─── Data section ───

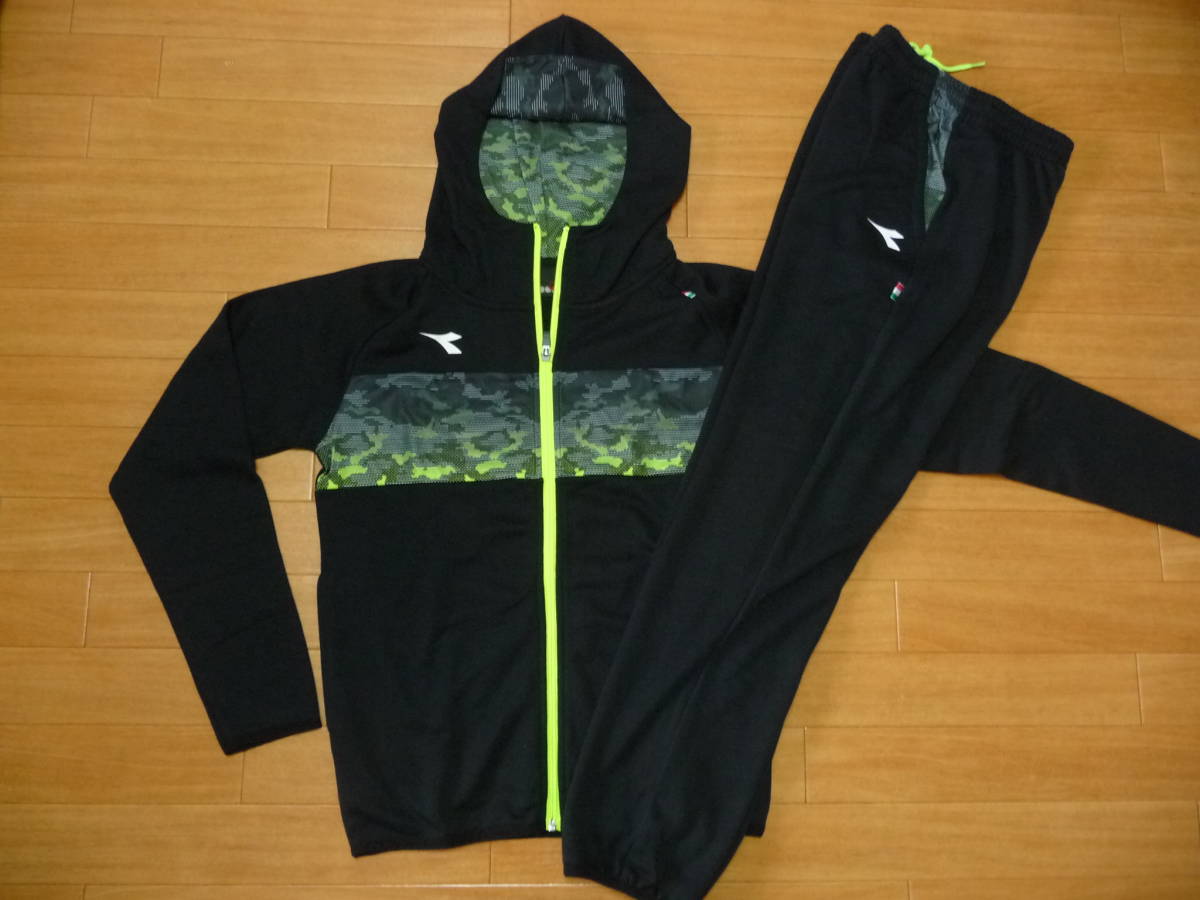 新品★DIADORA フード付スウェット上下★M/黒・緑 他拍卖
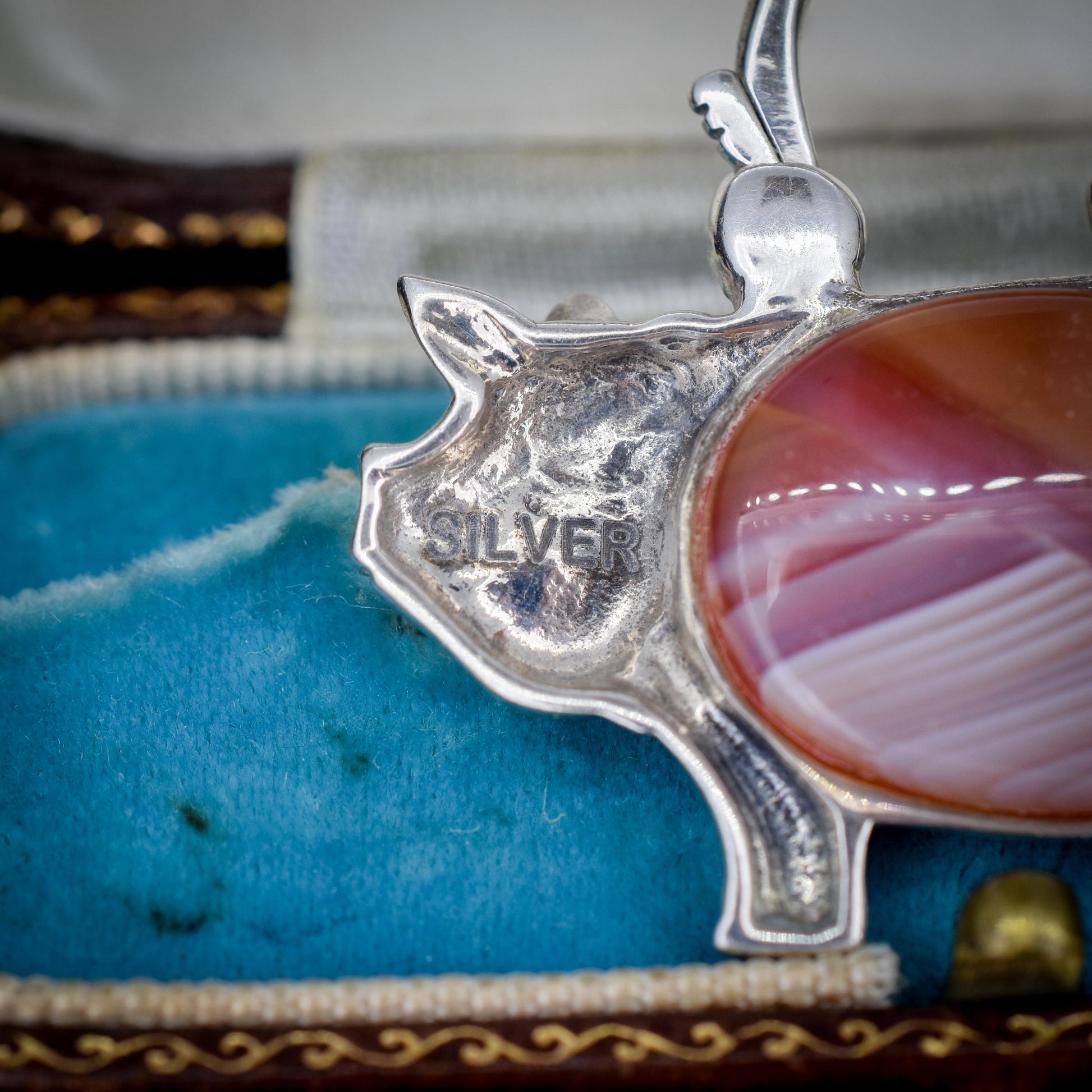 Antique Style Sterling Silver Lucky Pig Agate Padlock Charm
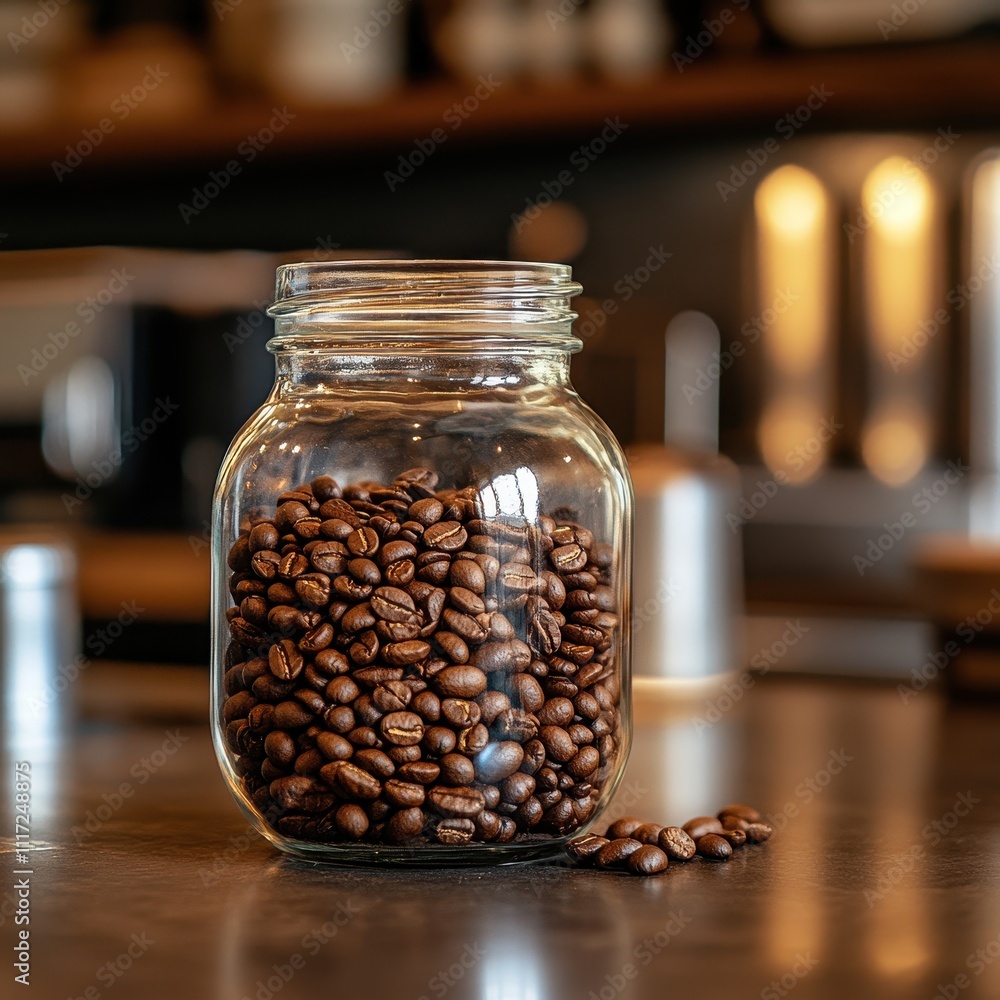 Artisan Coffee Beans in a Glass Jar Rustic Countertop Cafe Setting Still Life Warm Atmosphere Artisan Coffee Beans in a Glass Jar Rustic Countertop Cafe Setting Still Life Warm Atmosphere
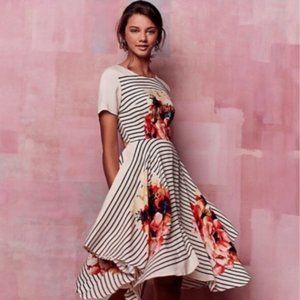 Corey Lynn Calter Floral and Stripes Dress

───

Assigned task => Take the listing above and retype it exactly. Its pictures are to be omitted.

Exercise response =>
 新品★DIADORA フード付スウェット上下★M/黒・緑 他拍卖
 Antique Style Sterling Silver Lucky Pig Agate Padlock Charm
 Artisan Coffee Beans in a Glass Jar Rustic Countertop Cafe Setting Still Life Warm Atmosphere Artisan Coffee Beans in a Glass Jar Rustic Countertop Cafe Setting Still Life Warm Atmosphere
 Corey Lynn Calter Floral and Stripes Dress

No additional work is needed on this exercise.